BEANIE SIGEL - The B. Coming

C'est que gangster, Dwight Grant l'est pour de bon. Ses démêlées avec la justice n'ont en effet jamais cessé. Au moment d'enregistrer cet album, il a encore plusieurs affaires sur le dos, à propos d'histoires d'armes à feu, mais aussi de meurtre. Ce troisième opus, d'ailleurs, il s'est empressé de le finir en quelques semaines, avant le commencement fin 2004 d'une nouvelle peine de prison, en même temps qu'une série de cinq vidéos, que deux documentaires promotionnels (The Trial: Beanie Sigel, The Truth: Beanie Sigel) et qu'un film de fiction (State Property 2). Aussi, pour ajouter au trouble de l'époque, Beanie Sigel sort cet album au beau milieu de la dispute entre Jay-Z et Damon Dash.

Beanie Sigel est un mauvais garçon, et cela se traduit dans les textes. Sur le piano brutal de "Flatline", il promet la mort à ses ennemis. Sur "Purple Rain", il se lance dans une longue ode au purple drank, sur un énième sample du "In The Rain" des Dramatics. Sur "Oh Daddy", qui sample le splendide morceau homonyme de Fleetwood Mac (ou plus exactement, sa reprise par la chanteuse R&B Natalie Cole), il se lance dans le récit d'un amour rude. Quant à "Tales Of A Hustler pt. 2", sublimé par le son erratique d'un saxophone, il est ce que le titre indique : le récit de vies criminelles.

Le rappeur étale aussi ses talents au micro, sur des morceaux éclatants mais un brin désincarnés, typiques des productions rap grand public de l'époque, comme cet "One Shot Deal" produit par Bink!, destiné à accueillir quelques vers de Redman, le ludique "Gotta Have It", avec Twista et Peedi Crakk, un "Don't Stop" typique des Neptunes des petits jours, ou encore les bonus, "It's On", et ce "Wanted" qui sample le tube quasi homonyme de Bon Jovi. Il y a aussi un brin d'humour sur "Bread & Butter", avec les deux tiers de Brand Nubian, à propos d'une fille qui profite du rappeur.

Beanie Sigel, néanmoins, joue des sentiments. Il invite beaucoup de gens, et non les moindres (Jay-Z, Snoop Dogg, Bun B, Cam'Ron, Redman, Grand Puba, Sadat X, Twista, etc.), mais cela ne l'empêche pas d'user de la fibre personnelle, intime et biographique. D'entrée le single "Fell In The Air" joue cette carte. Il la surjoue même, avec ses appels à Dieu, ses allusions au "Mind Is Playing Tricks On Me" des précités Geto Boys et les vocalises évaporées de Melissa Jiménez.

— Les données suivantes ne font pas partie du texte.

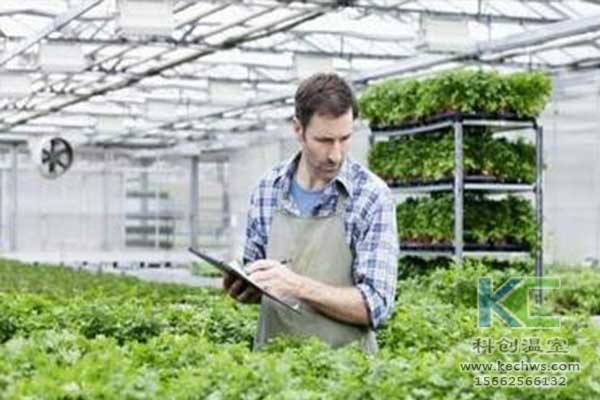 無土栽培，無土栽培技術，無土栽培設備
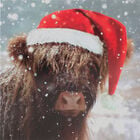 Highland Cow Christmas Cards: Pack Of 10 image number 2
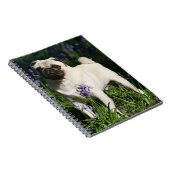 Kitz-Mops stehend in den Bluebells Notizblock (Rechte Seite)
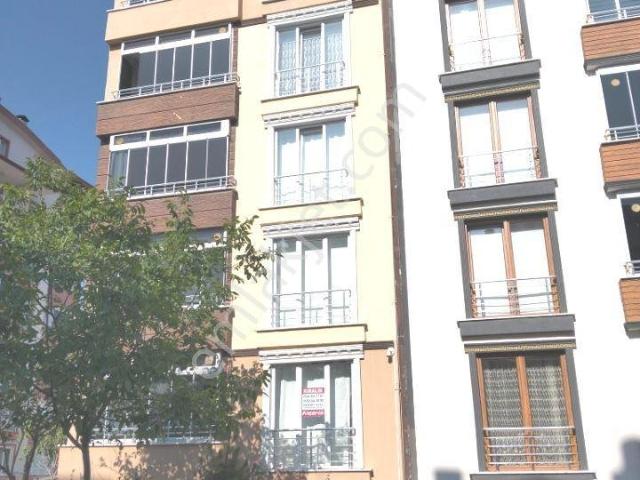 Tokat Merkez, Tokat içerisinde kiralık mülk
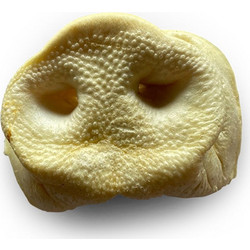 Vadigran Butcher Natural Pig Nose 40gr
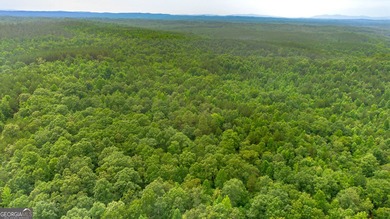 Additional listing photo 1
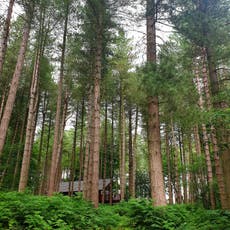 Into the woods: Inside Forest Holidays newest location in Delamere Forest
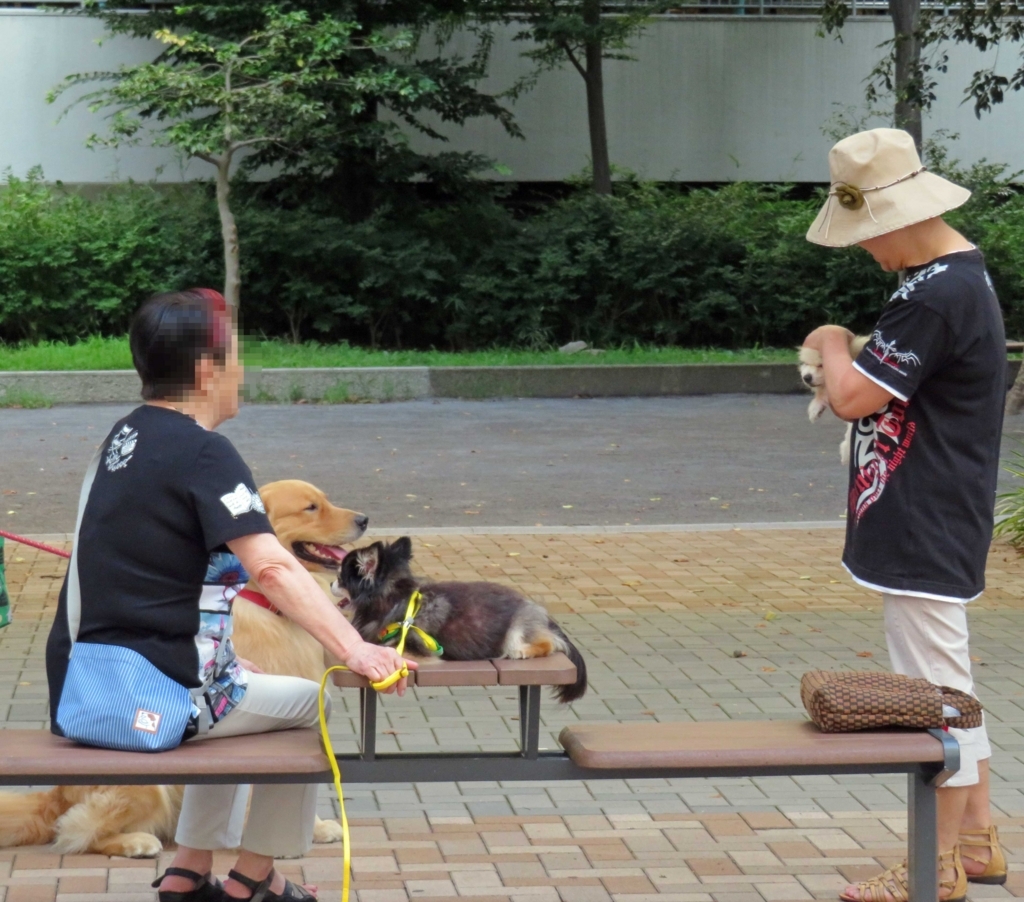 f:id:ICHIZO:20180719040910j:plain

Les meilleurs morceaux dans ce registre sont pour après. Ils sont "I Can't Go On This Way", sur le stress associé à sa vie, sur la pression subie par le garçon des quartiers, "Change", sur la vie du ghetto et l'espoir ténu qu'un jour, elle changera pour le mieux, le gospel "Lord Have Mercy", où le rappeur appelle Allah au pardon et à la miséricorde, et le titre qui aurait dû être la conclusion de l'album, un "Look At Me Now" où Beanie Sigel dit qu'après tout ce qu'il a traversé, plus rien ne peut l'atteindre, dans un moment revanchard qui rassemble toute sa hargne, tout son mal-être et toute sa fierté.